# [Data to process]

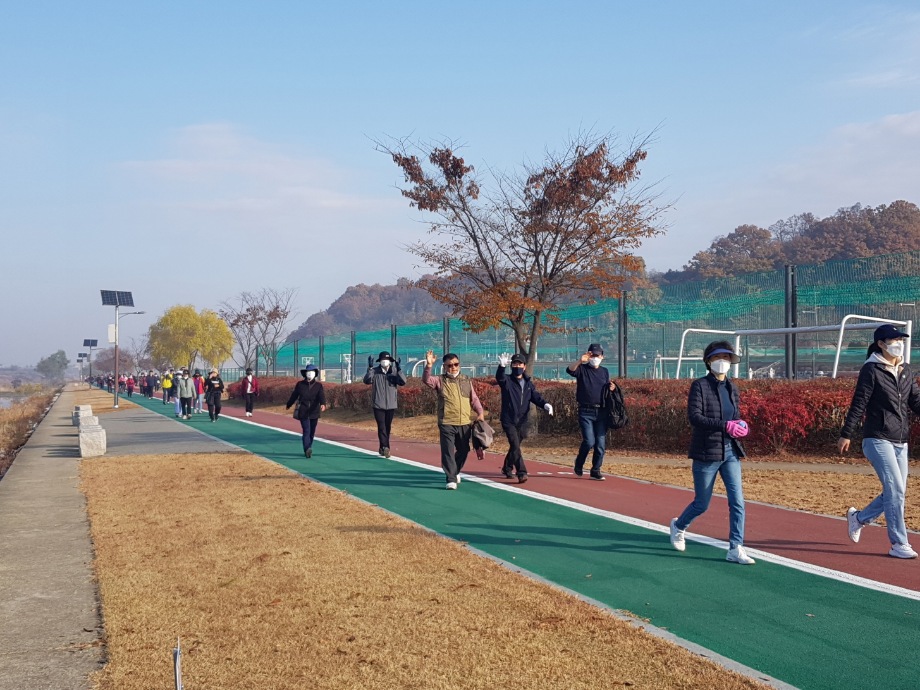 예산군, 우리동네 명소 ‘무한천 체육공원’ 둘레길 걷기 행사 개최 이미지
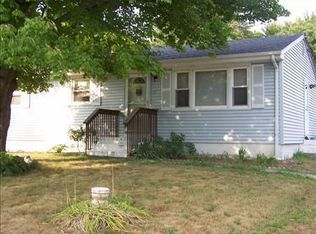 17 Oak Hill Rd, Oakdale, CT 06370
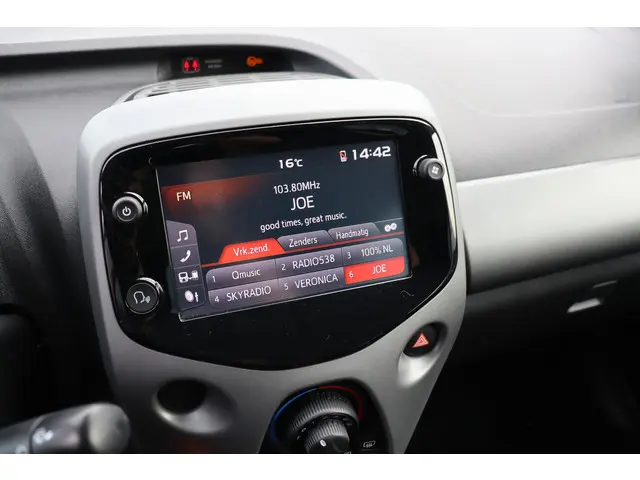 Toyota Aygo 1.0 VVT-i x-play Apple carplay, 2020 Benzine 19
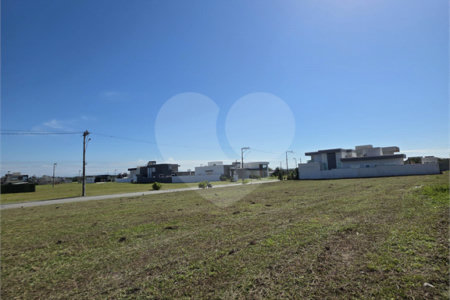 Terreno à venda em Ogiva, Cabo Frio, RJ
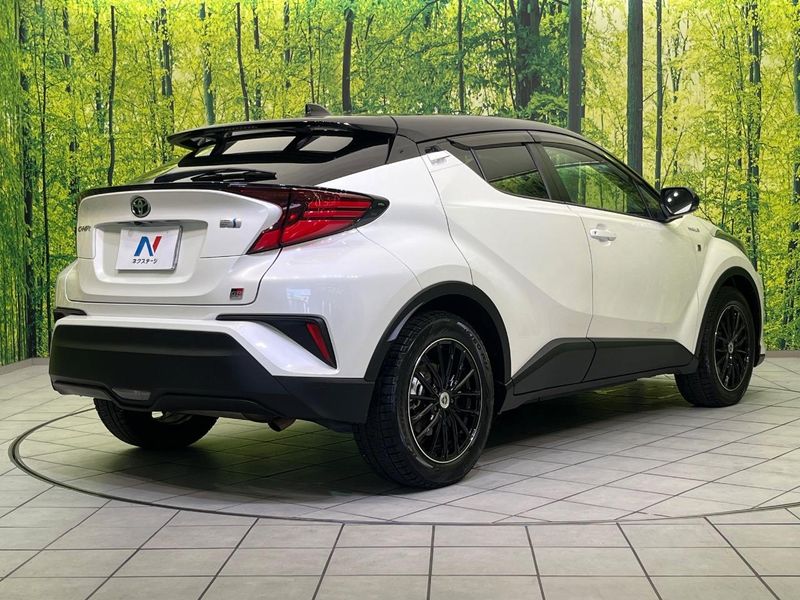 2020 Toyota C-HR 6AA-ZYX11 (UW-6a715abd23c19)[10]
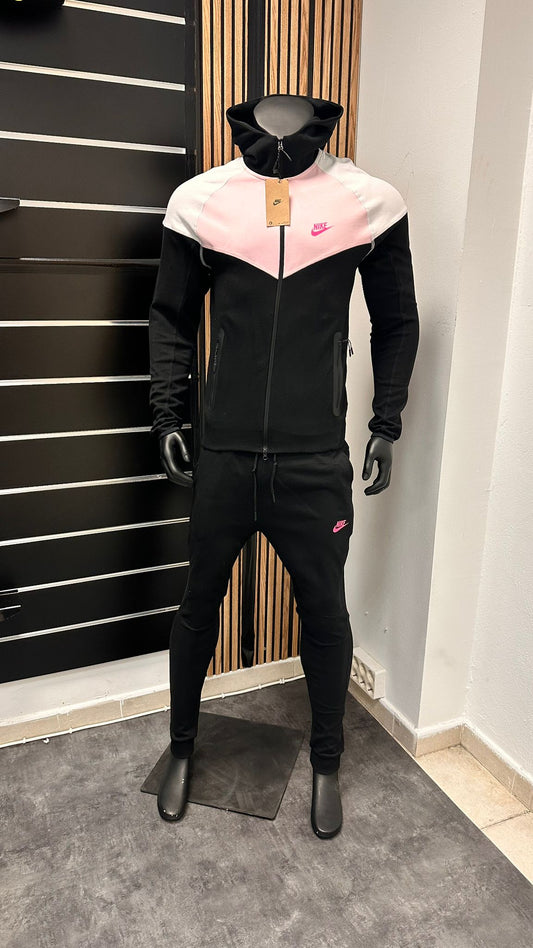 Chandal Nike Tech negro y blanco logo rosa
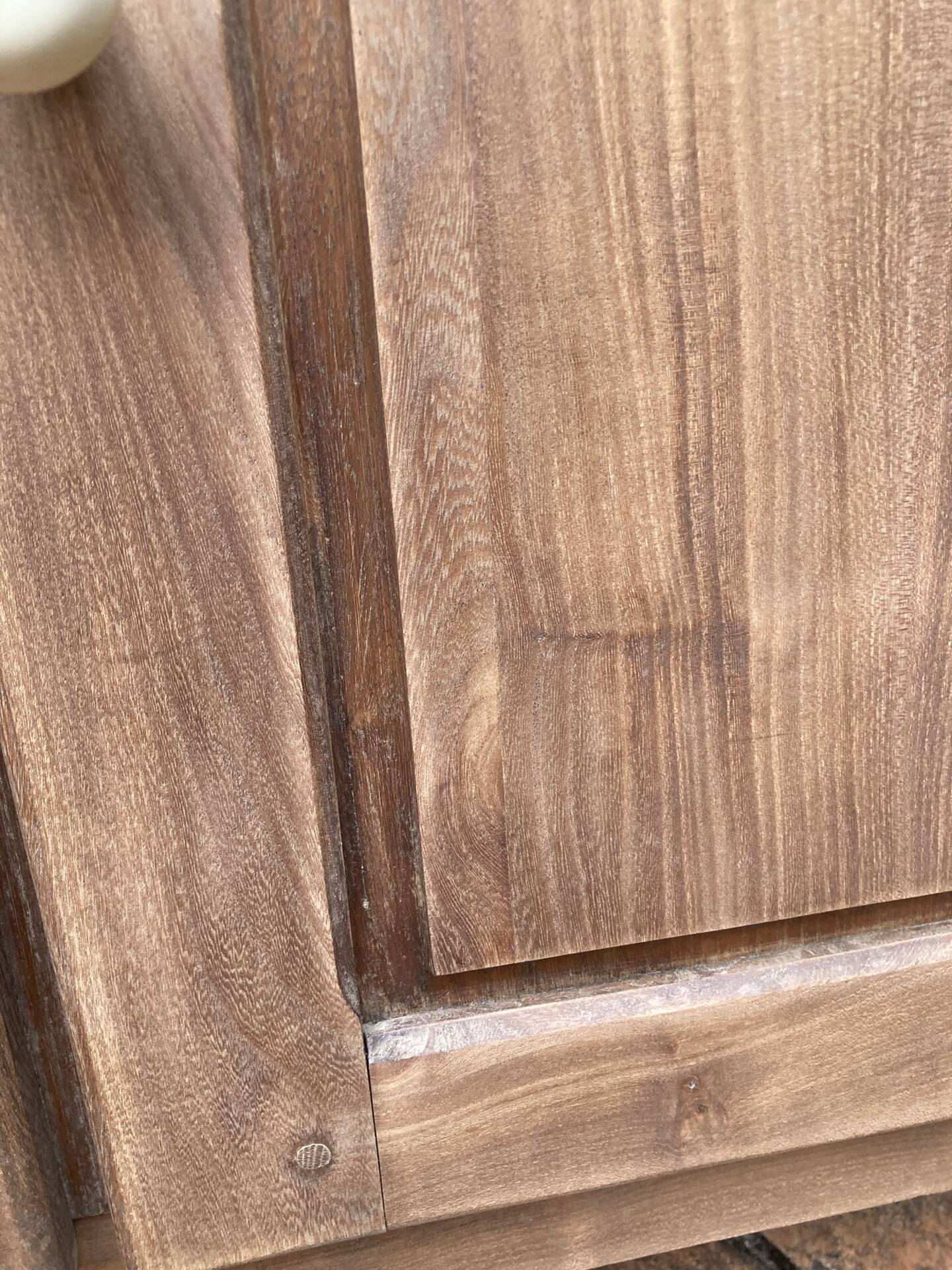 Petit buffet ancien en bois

* * *

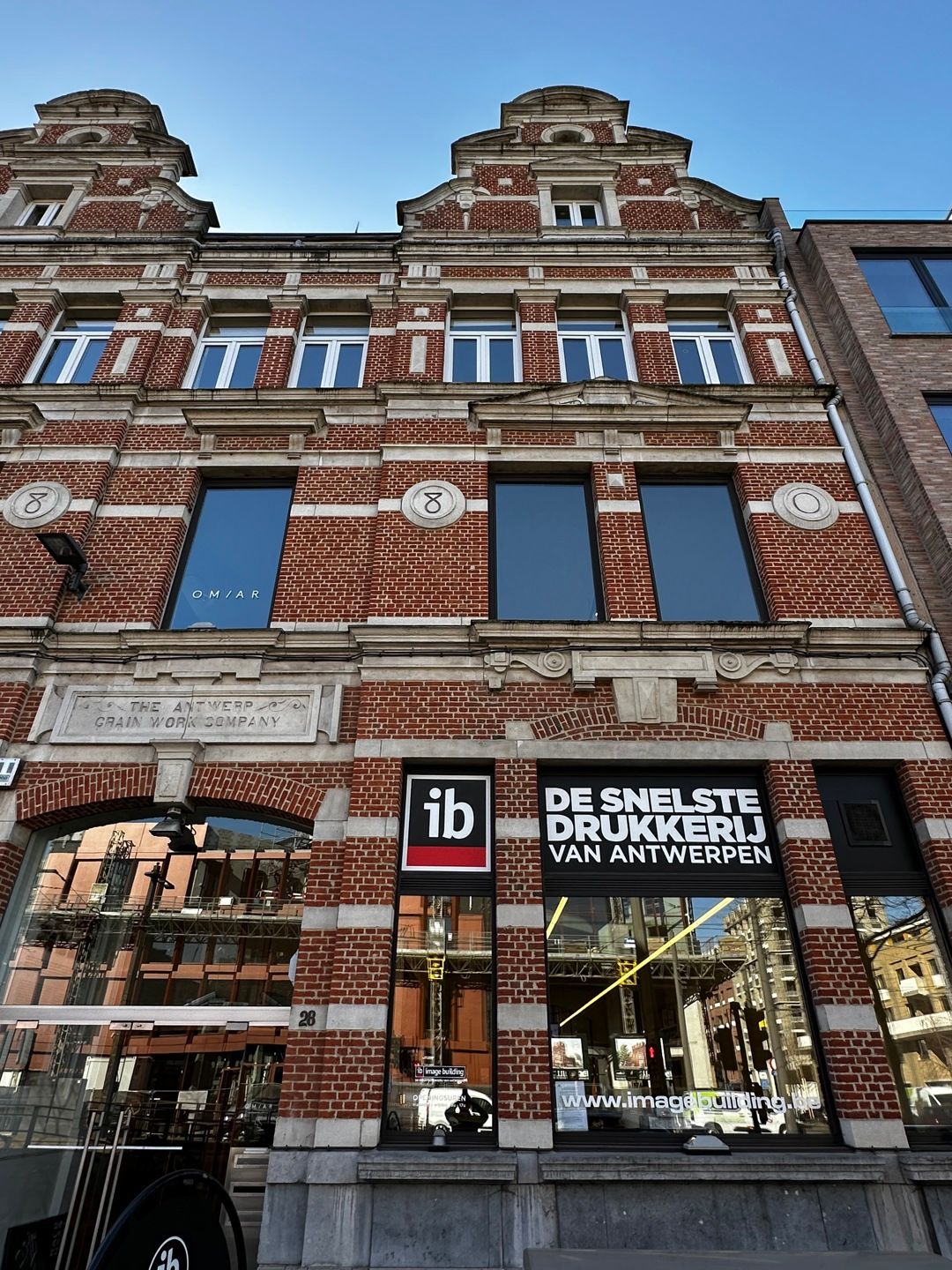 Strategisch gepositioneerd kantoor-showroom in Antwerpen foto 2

# [Work order]
Given the listing above, retype only the span of lines from the line with "17 Oak Hill Rd, Oakdale, CT 06370" up to and including the line with "Petit buffet ancien en bois", exactly as it stands and without pictures.

# [Written answer]
 17 Oak Hill Rd, Oakdale, CT 06370
 Toyota Aygo 1.0 VVT-i x-play Apple carplay, 2020 Benzine 19
 Terreno à venda em Ogiva, Cabo Frio, RJ
 2020 Toyota C-HR 6AA-ZYX11 (UW-6a715abd23c19)[10]
 Chandal Nike Tech negro y blanco logo rosa
 Petit buffet ancien en bois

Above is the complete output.